A1
^{ ??}
From the Poisson equation, obtain an expression which establishes a relationship between the coefficients $\alpha$, $\beta$ and $\gamma$.

Let's calculate the derivative straight forward:

\[

\frac{\partial^2 \Phi}{\partial x^2} = \frac{U}{2r_0^2} \frac{\partial^2}{\partial x^2} \left( \alpha x^2 + \beta y^2 + \gamma z^2 \right) = \frac{U}{2r_0^2} \frac{\partial}{\partial x} \left( 2 \alpha x \right) = \frac{U \alpha}{r_0^2}.\]

By analogy we have this relation:

\[ \Delta \Phi = \frac{U}{r_0^2} \left( \alpha + \beta + \gamma \right),\]
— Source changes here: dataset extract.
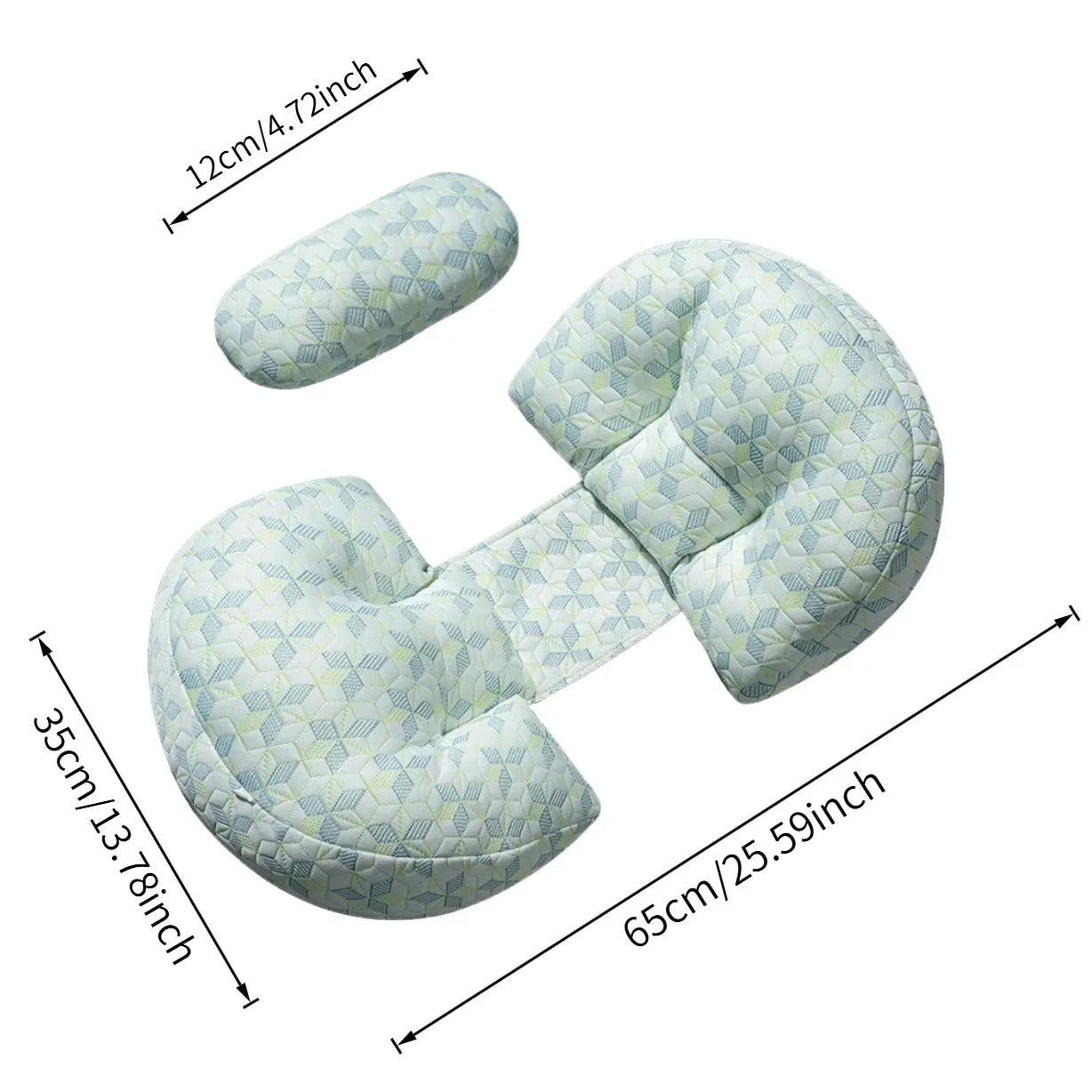 Mome Luxe Pregnancy Support Wedge Pillow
so the only way to satisfy $\Delta \Phi = 0$ is to choose coefficients according to

\[ \alpha + \beta + \gamma = 0\]

Answer:
\[\alpha + \beta + \gamma = 0\]

A2
^{ ??}
Calculate the maximum frequency $\omega_\text{fr,max}$ for which the wavelength $\lambda$ is $n=100$ times greater than $r_0$.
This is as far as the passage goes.